For some time now it has been clear that the effects of climate change are appearing faster than scientists anticipated. Now it turns out that there is another form of underestimation as bad as or worse than the scientific one: the underestimating by economists of the costs.
The result of this failure by economists is that world leaders understand neither the magnitude of the risks to lives and livelihoods, nor the urgency of action. How and why this has occurred is explained in a recent report by scientists and economists at the London School of Economics and Political Science, the Potsdam Institute for Climate Impact Research and the Earth Institute at Columbia University.
One reason is obvious: Since climate scientists have been underestimating the rate of climate change and the severity of its effects, then economists will necessarily underestimate their costs.
…Typically, our estimates of the value or cost of something, whether it is a pair of shoes, a loaf of bread or the impact of a hurricane, are based on experience. Statisticians call this “stationarity.” But when conditions change so much that experience is no longer a reliable guide to the future — when stationarity no longer applies — then estimates become more and more uncertain.
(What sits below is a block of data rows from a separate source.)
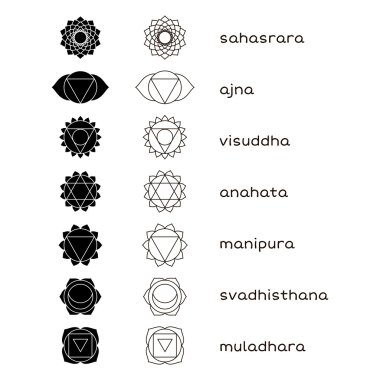 Chakras vector icons black and white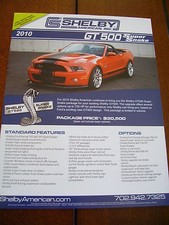 2010 SHELBY GT500 SUPER SNAKE - DOUBLE SIDED SALES SHEET / BROCHURE picture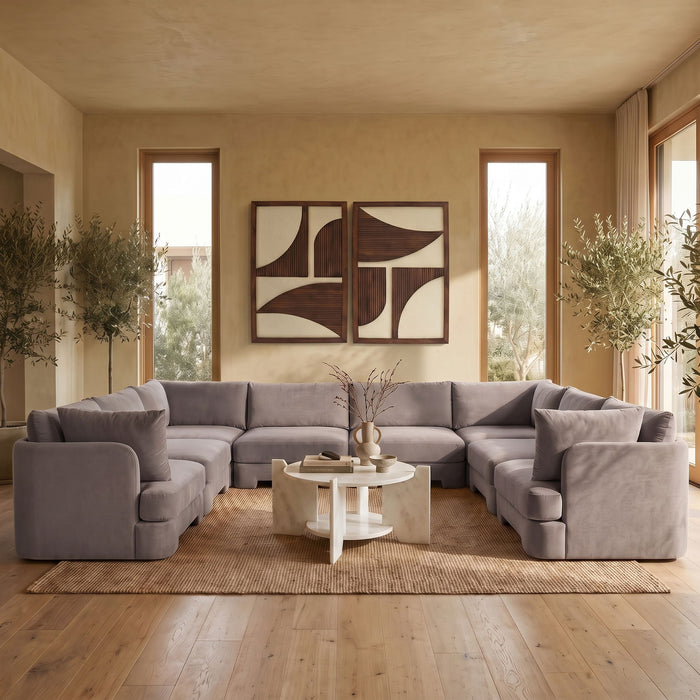 Meridian Furniture velvet upholstered 8-piece U-shaped sectional sofa with plush cushions and modern design.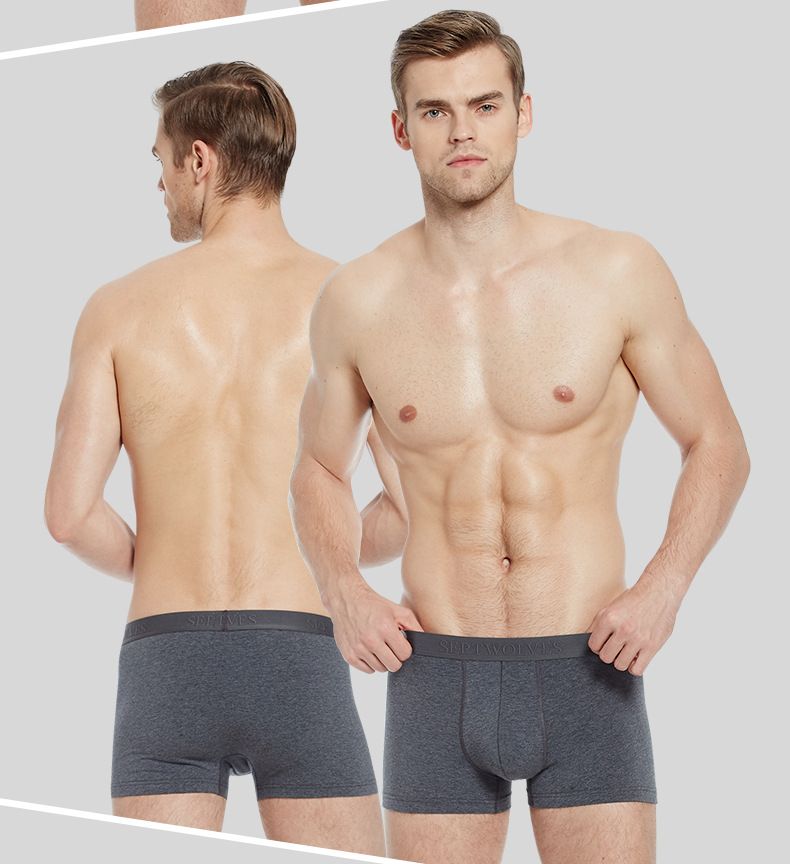 Lot de 4 boxers pour homme en graphène antibactérien, en coton et ammoniac, gris_voghion.com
Hydrologists have recognized for some time that climate change has undermined stationarity in water management — indeed, they have declared that stationarity is dead. But economists have by and large not recognized that this applies to climate effects across the board. They approach climate damages as minor perturbations around an underlying path of economic growth, and take little account of the fundamental destruction that we might be facing because it is so outside humanity’s experience.
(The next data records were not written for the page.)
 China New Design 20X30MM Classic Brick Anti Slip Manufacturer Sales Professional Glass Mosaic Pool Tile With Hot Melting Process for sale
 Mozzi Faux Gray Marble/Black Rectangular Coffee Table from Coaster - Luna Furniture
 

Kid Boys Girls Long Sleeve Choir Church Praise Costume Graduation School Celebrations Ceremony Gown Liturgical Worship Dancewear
A second difficulty involves parameters that scientists do not feel they can adequately quantify, like the value of biodiversity or the costs of ocean acidification. Research shows that when scientists lack good data for a variable, even if they know it to be salient, they are loath to assign a value out of a fear that they would be “making it up.”
Therefore, in many cases, they simply omit it from the model, assessment or discussion. In economic assessments of climate change, some of the largest factors, like thresholds in the climate system, when a tiny change could tip the system catastrophically, and possible limits to the human capacity to adapt, are omitted for this reason. In effect, economists have assigned them a value of zero, when the risks are decidedly not.
…A third and terrifying problem involves cascading effects. One reason the harms of climate change are hard to fathom is that they will not occur in isolation, but will reinforce one another in damaging ways. In some cases, they may produce a sequence of serious, and perhaps irreversible, damage.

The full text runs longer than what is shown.